[Opening Task data section]
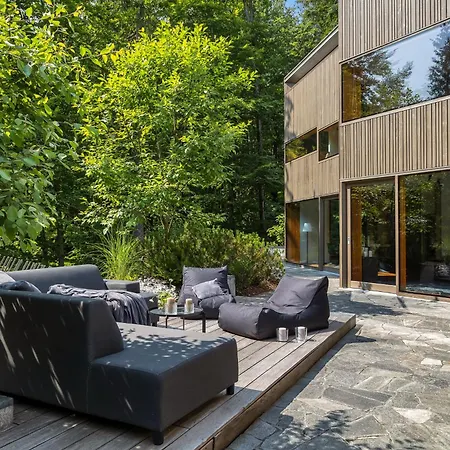 Villa Jasna Kranjska Gora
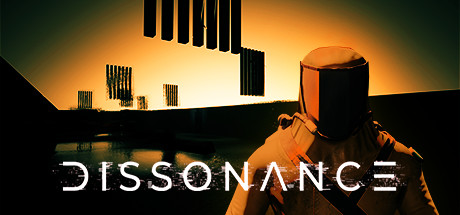 Dissonance Cover Image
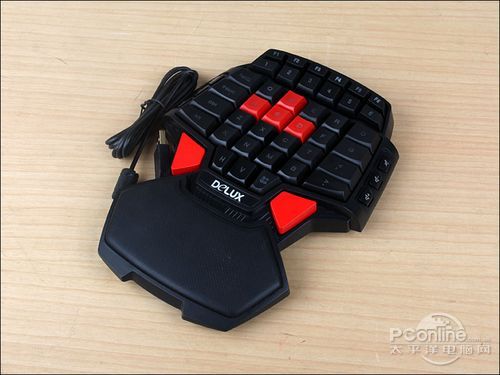 怎样选择适合自己的键盘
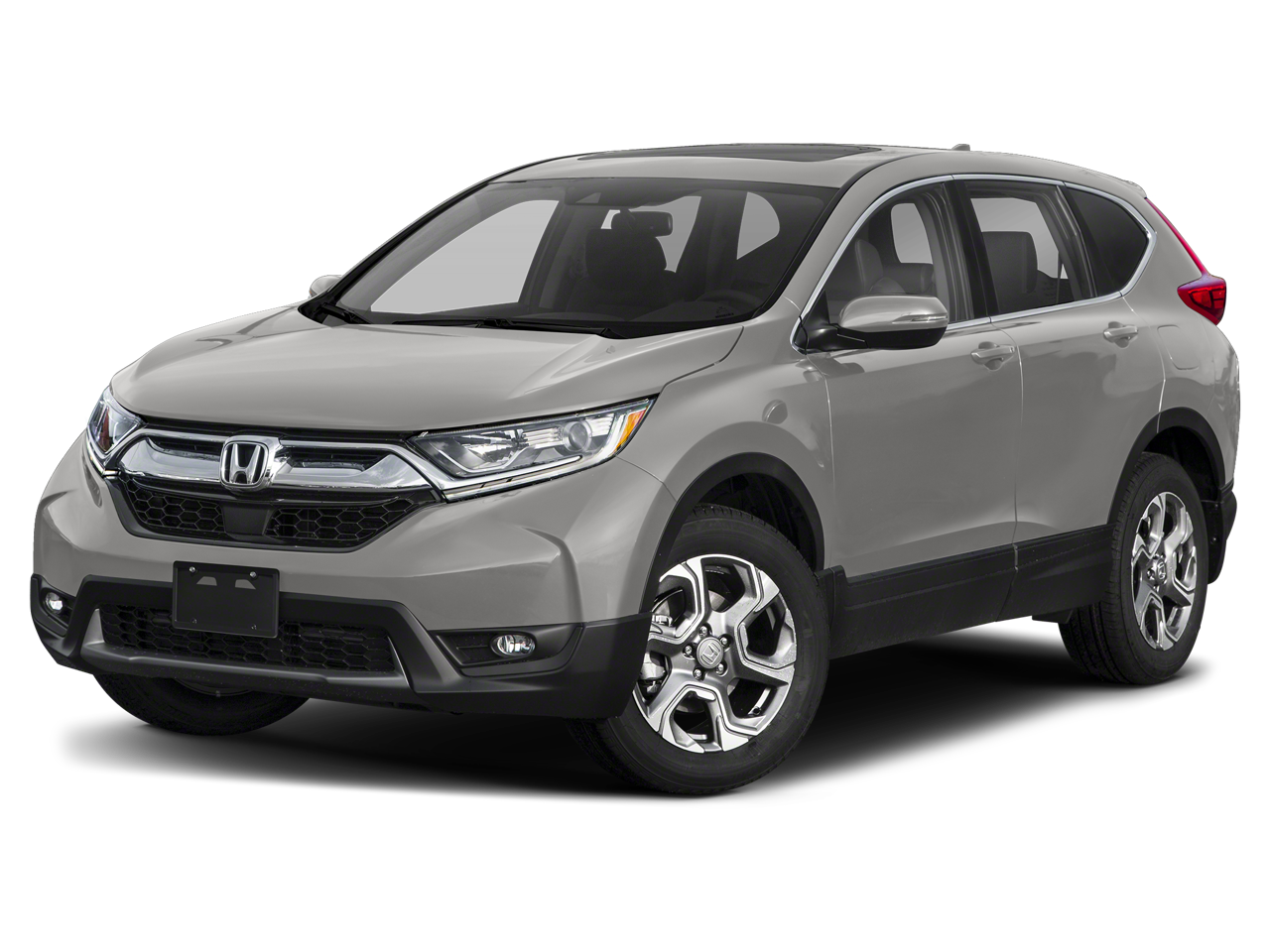 2019 Honda CR-V EX-L AWD's photo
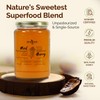 OneRoot Natural Wildflower Honey Liquid | 100% Pure Canadian Boreal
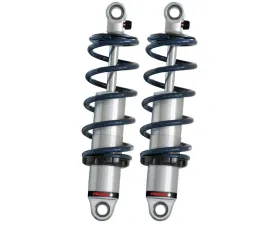 Rear HQ Rear Coil-Overs Chevrolet Silverado 1500 | GMC Sierra 1500 2007-2018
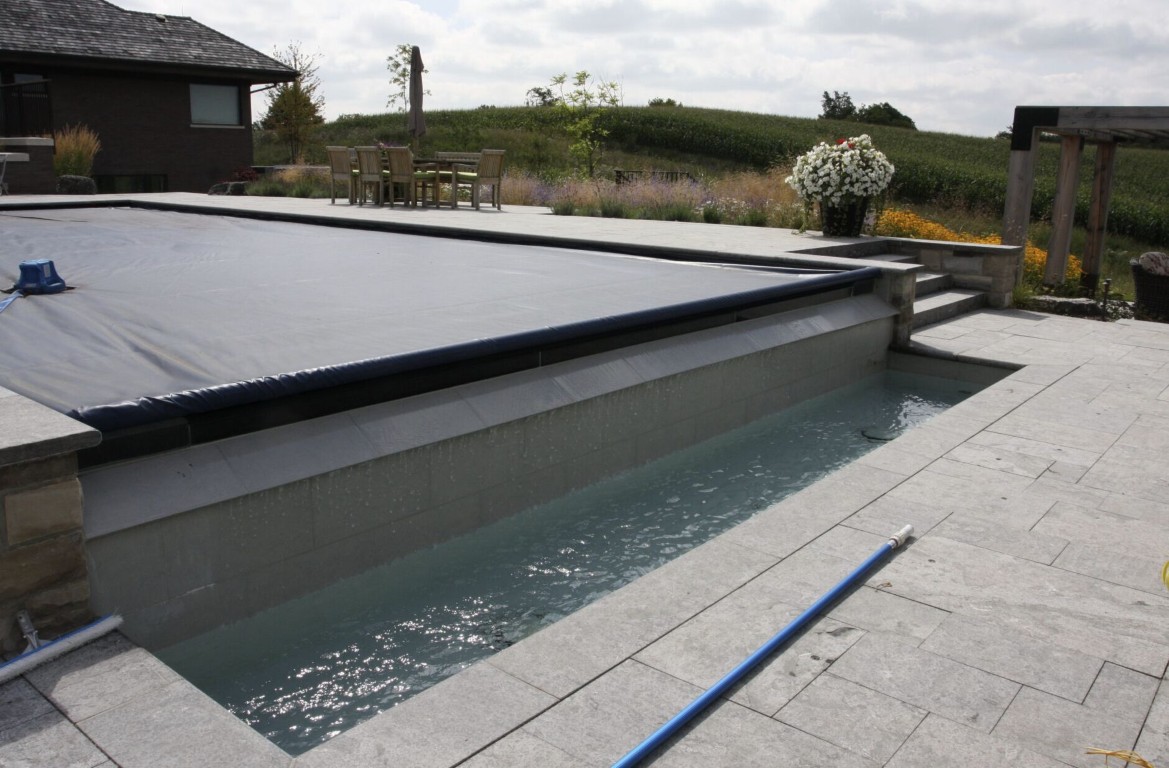 Seasonal pool opening and closing services in Newport Beach, CA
[Closing Task data section]
> [Task details] Each entry above should be returned exactly as written, minus its pictures.

> [Finished task]
 Villa Jasna Kranjska Gora
 Dissonance Cover Image
 怎样选择适合自己的键盘
 2019 Honda CR-V EX-L AWD's photo
 OneRoot Natural Wildflower Honey Liquid | 100% Pure Canadian Boreal
 Rear HQ Rear Coil-Overs Chevrolet Silverado 1500 | GMC Sierra 1500 2007-2018
 Seasonal pool opening and closing services in Newport Beach, CA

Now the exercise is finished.